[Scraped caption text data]

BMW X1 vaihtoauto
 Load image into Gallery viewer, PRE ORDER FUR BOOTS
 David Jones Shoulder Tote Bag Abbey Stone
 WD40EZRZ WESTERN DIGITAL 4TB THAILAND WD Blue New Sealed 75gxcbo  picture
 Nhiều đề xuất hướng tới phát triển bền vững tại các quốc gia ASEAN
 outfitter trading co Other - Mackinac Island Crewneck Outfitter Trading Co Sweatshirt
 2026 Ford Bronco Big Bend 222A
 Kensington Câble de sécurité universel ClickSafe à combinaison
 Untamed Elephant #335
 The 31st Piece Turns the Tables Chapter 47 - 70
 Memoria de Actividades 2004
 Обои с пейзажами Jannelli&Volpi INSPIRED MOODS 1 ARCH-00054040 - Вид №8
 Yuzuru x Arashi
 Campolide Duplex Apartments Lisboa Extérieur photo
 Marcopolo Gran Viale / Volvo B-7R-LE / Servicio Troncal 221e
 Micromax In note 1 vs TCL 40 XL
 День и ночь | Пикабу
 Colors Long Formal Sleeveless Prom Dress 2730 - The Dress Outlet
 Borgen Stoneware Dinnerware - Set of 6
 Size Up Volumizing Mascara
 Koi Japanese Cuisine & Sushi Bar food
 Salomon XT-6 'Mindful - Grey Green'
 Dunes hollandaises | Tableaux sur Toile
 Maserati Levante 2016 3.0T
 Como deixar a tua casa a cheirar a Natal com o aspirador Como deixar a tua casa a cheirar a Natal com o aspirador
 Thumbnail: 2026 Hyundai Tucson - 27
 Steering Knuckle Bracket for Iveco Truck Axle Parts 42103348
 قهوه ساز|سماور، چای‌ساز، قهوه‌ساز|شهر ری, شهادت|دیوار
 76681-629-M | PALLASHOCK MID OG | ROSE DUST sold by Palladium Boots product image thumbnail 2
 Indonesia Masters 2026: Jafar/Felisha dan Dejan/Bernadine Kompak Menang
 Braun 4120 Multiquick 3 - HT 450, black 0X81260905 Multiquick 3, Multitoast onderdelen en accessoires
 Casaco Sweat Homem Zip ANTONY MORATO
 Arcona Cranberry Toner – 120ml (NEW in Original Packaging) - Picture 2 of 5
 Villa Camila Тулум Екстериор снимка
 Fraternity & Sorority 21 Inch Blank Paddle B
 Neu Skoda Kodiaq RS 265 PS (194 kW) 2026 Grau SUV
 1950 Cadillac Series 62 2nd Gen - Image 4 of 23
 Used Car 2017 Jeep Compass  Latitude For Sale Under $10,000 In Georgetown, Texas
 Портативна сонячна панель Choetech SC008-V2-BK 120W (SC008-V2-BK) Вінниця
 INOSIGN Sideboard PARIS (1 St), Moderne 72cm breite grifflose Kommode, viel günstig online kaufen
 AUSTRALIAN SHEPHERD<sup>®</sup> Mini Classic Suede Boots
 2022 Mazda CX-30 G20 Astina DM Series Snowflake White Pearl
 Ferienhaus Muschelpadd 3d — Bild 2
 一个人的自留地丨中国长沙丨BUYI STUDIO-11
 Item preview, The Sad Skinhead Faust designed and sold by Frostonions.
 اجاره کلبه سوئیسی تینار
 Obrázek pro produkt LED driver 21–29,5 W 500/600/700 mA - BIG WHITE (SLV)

Task statement: Repeat, without change, each line of the data above from the one that contains "Used Car 2017" through the final line, counting both.

Problem solution:
 Used Car 2017 Jeep Compass  Latitude For Sale Under $10,000 In Georgetown, Texas
 Портативна сонячна панель Choetech SC008-V2-BK 120W (SC008-V2-BK) Вінниця
 INOSIGN Sideboard PARIS (1 St), Moderne 72cm breite grifflose Kommode, viel günstig online kaufen
 AUSTRALIAN SHEPHERD<sup>®</sup> Mini Classic Suede Boots
 2022 Mazda CX-30 G20 Astina DM Series Snowflake White Pearl
 Ferienhaus Muschelpadd 3d — Bild 2
 一个人的自留地丨中国长沙丨BUYI STUDIO-11
 Item preview, The Sad Skinhead Faust designed and sold by Frostonions.
 اجاره کلبه سوئیسی تینار
 Obrázek pro produkt LED driver 21–29,5 W 500/600/700 mA - BIG WHITE (SLV)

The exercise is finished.